EXERCISE BRIEF — Your answer must be an exact copy of the data below, minus any pictures.

Scraped caption text data
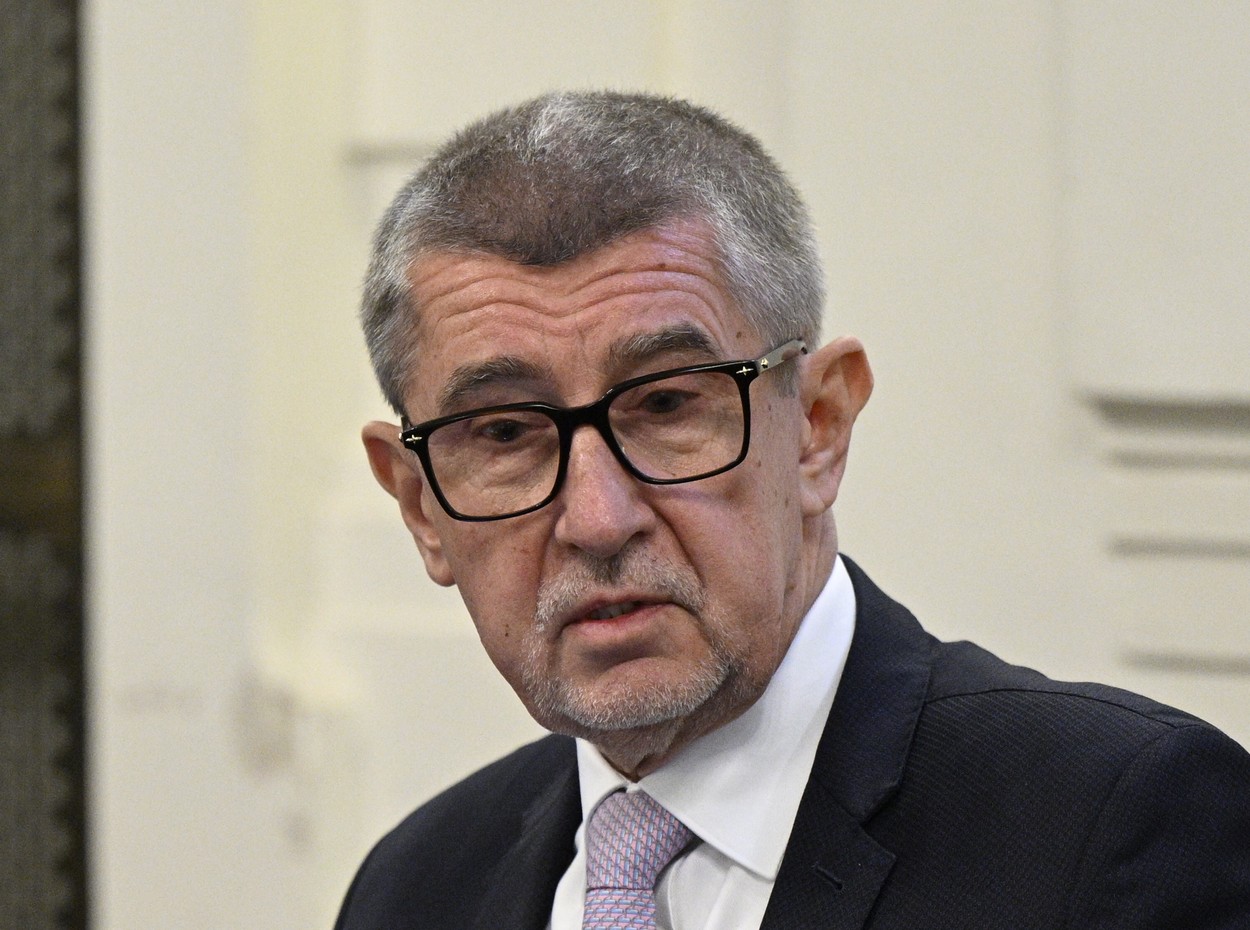 Pražský městský soud 9. ledna 2023 nepravomocně osvobodil bývalého premiéra a prezidentského kandidáta Andreje Babiše (na snímku ze 4. ledna 2023) i jeho někdejší poradkyni Janu Nagyovou v kauze Čapí hnízdo, která se týká padesátimilionové dotace na stavbu kongresového areálu ve středních Čechách. Oba obžalovaní na vyhlášení rozsudku nepřišli.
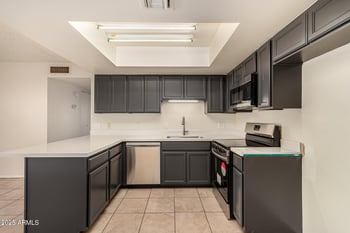 704 4th St #2, Avondale, AZ 85323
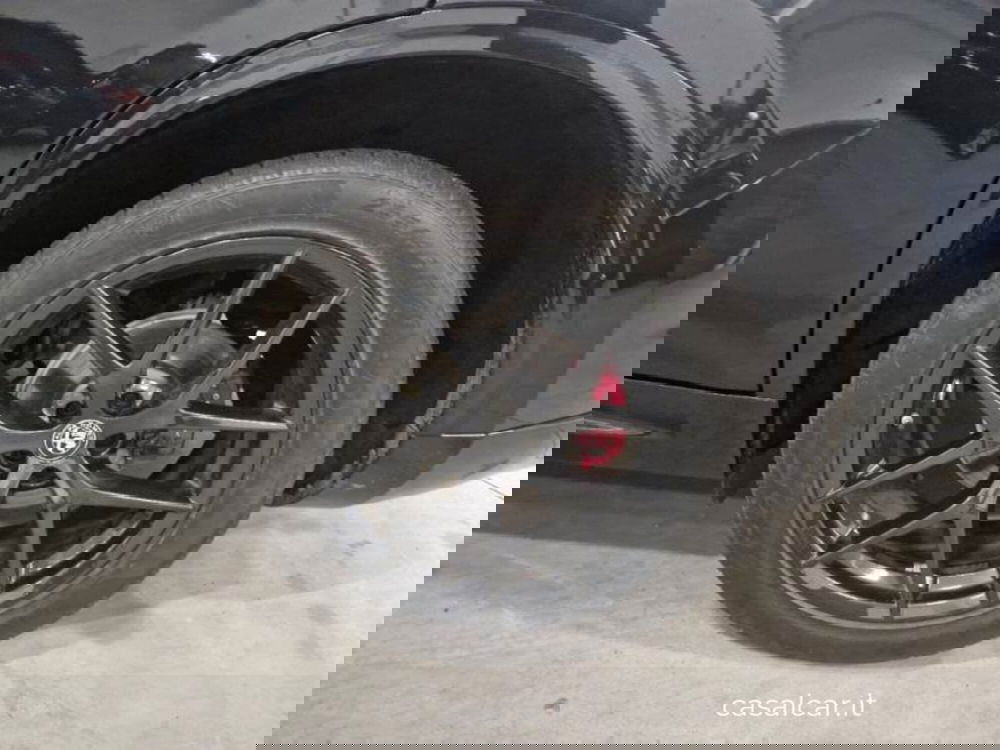 Alfa Romeo Stelvio usata a Salerno (19)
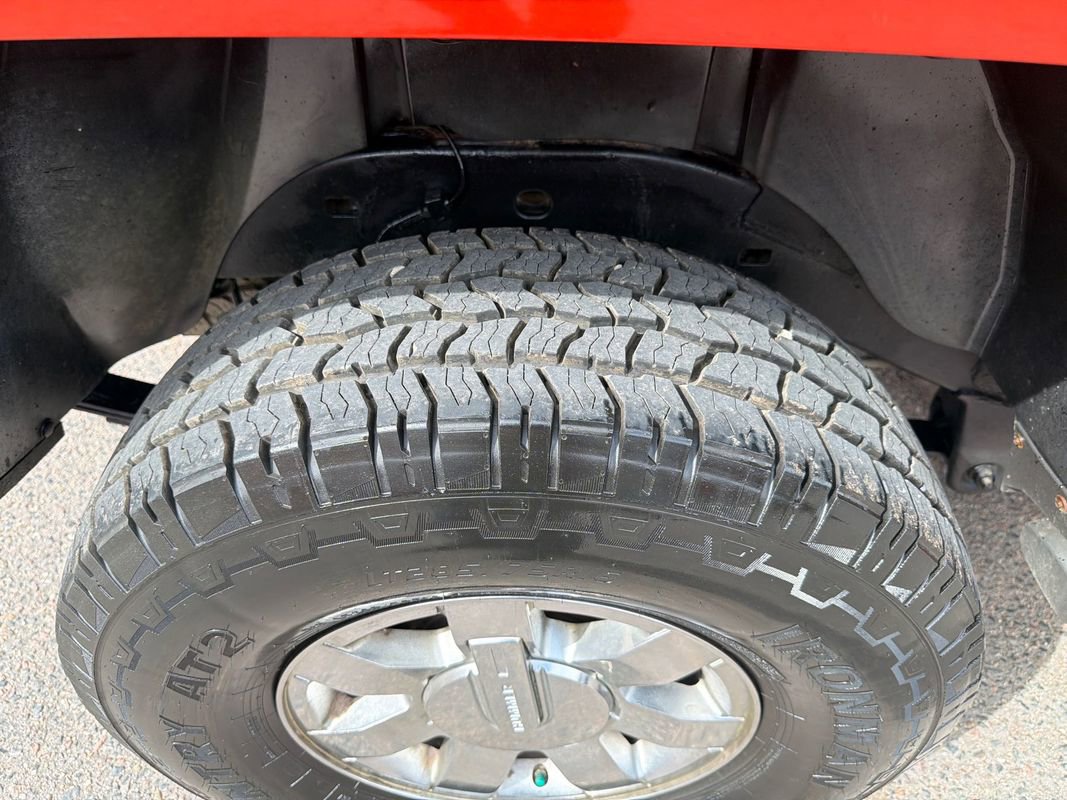 Used 2009 HUMMER H3T Luxury image 18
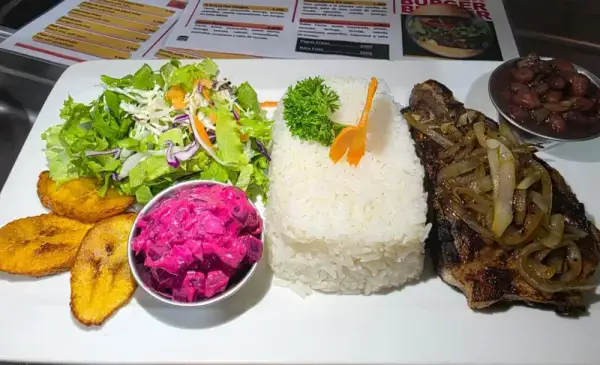 Casado mit Rindfleisch-Bistek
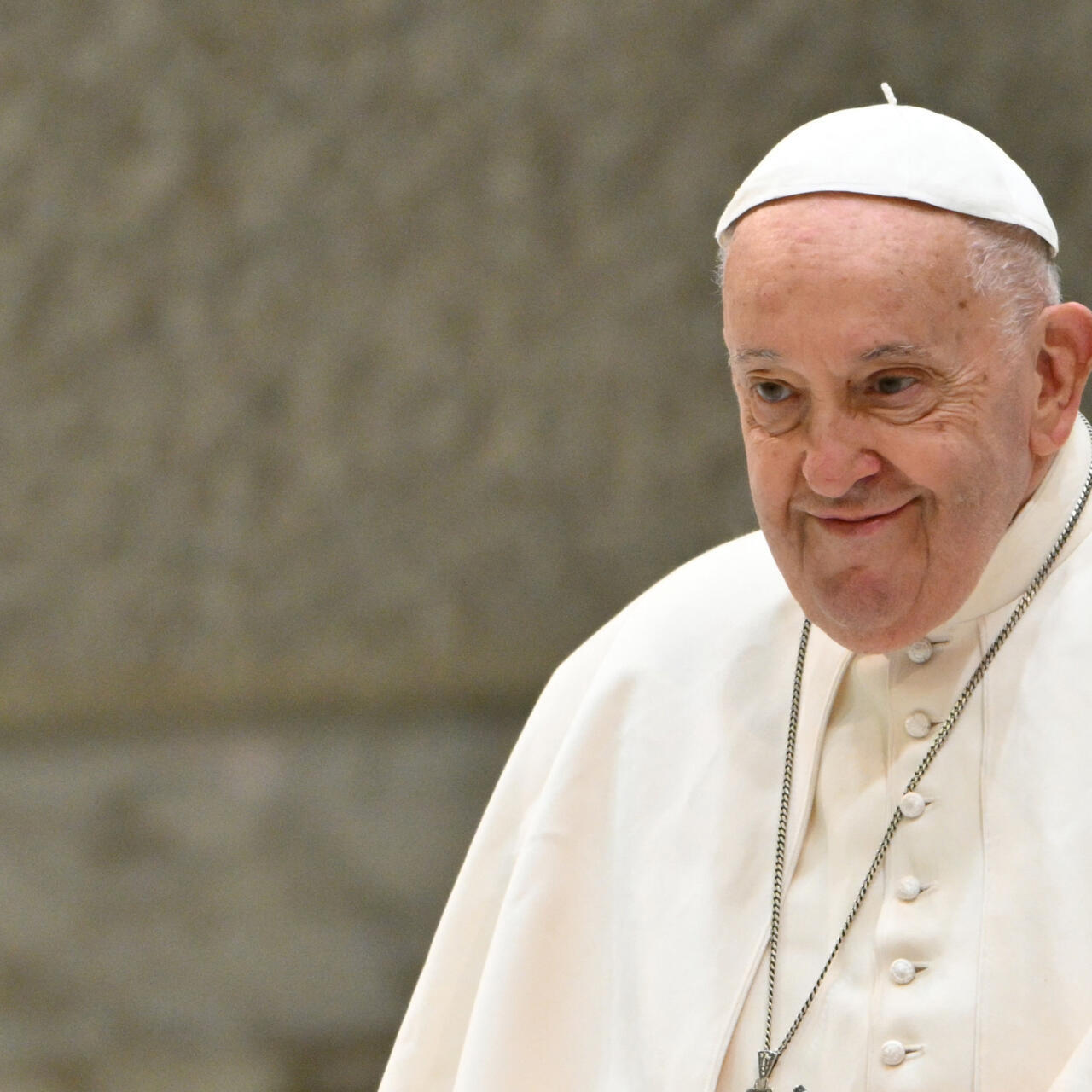 Fallece el Papa Francisco: el primer pontífice latinoamericano muere a los 88 años en el Vaticano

ANSWER BOX —
 Pražský městský soud 9. ledna 2023 nepravomocně osvobodil bývalého premiéra a prezidentského kandidáta Andreje Babiše (na snímku ze 4. ledna 2023) i jeho někdejší poradkyni Janu Nagyovou v kauze Čapí hnízdo, která se týká padesátimilionové dotace na stavbu kongresového areálu ve středních Čechách. Oba obžalovaní na vyhlášení rozsudku nepřišli.
 704 4th St #2, Avondale, AZ 85323
 Alfa Romeo Stelvio usata a Salerno (19)
 Used 2009 HUMMER H3T Luxury image 18
 Casado mit Rindfleisch-Bistek
 Fallece el Papa Francisco: el primer pontífice latinoamericano muere a los 88 años en el Vaticano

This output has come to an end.